Better yet, can this plan be pulled back for revisions, and nothing else made public, until after the November 6th elections. My greatest fear is that continuing to make the Long-range Facilities Master Plans public now, and generating the massively negative publicity that the Reagan meeting could have generated if the media had been better represented, could lead to our losing the November 6th TRE and the funds that are so urgently needed.
You are playing with fire! We all want the TRE to pass!
Bill Betzen, volunteer
The School Time Capsule Project,
An open source project, free to use if sharing improvements
www.StudentMotivation.org
===============================
Below are the two pages of the attachment that is a summary of school size research as of 2006. I would welcome research that goes against these conclusions.

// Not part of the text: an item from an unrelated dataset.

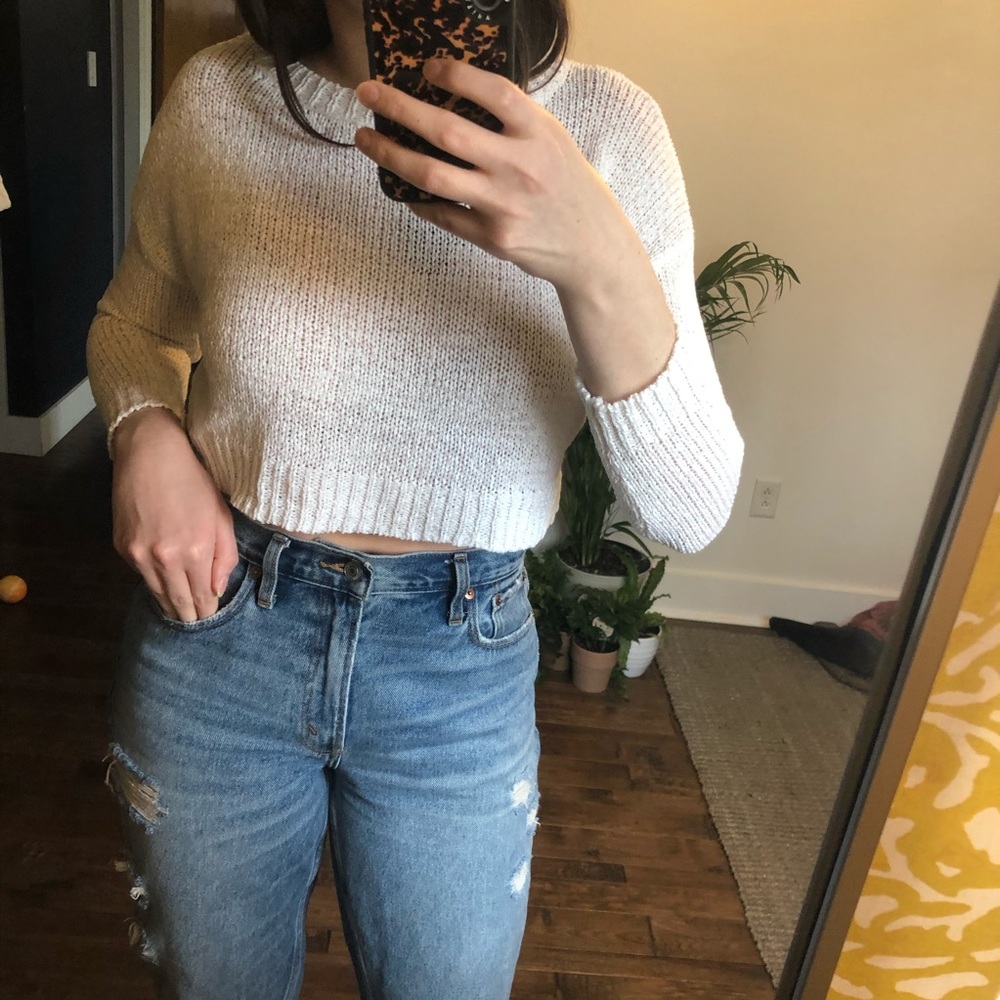 Crop Sweater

Below is the most recent book, 2014, found so far on school size research: School Size Effects Revisited. Here are two pages from it that summarize.
Anther Literature Review, this one from 2007 with the same results. Notice last finding at bottom of page stating "Students from advantaged backgrounds preform well in larger schools."
All 41 pages of this review are at http://www.educatetogether.ie/wordpress/wp-content/uploads/2010/03/Research-lit-review-school-size.pdf .
2007 Literature Review of research on primary school size research |
Reading the above summaries, and especially how small schools appear to most benefit children of poverty, how can Dallas ISD be considering destroying such smaller community schools so as to move our high poverty students into larger, mega-elementary schools?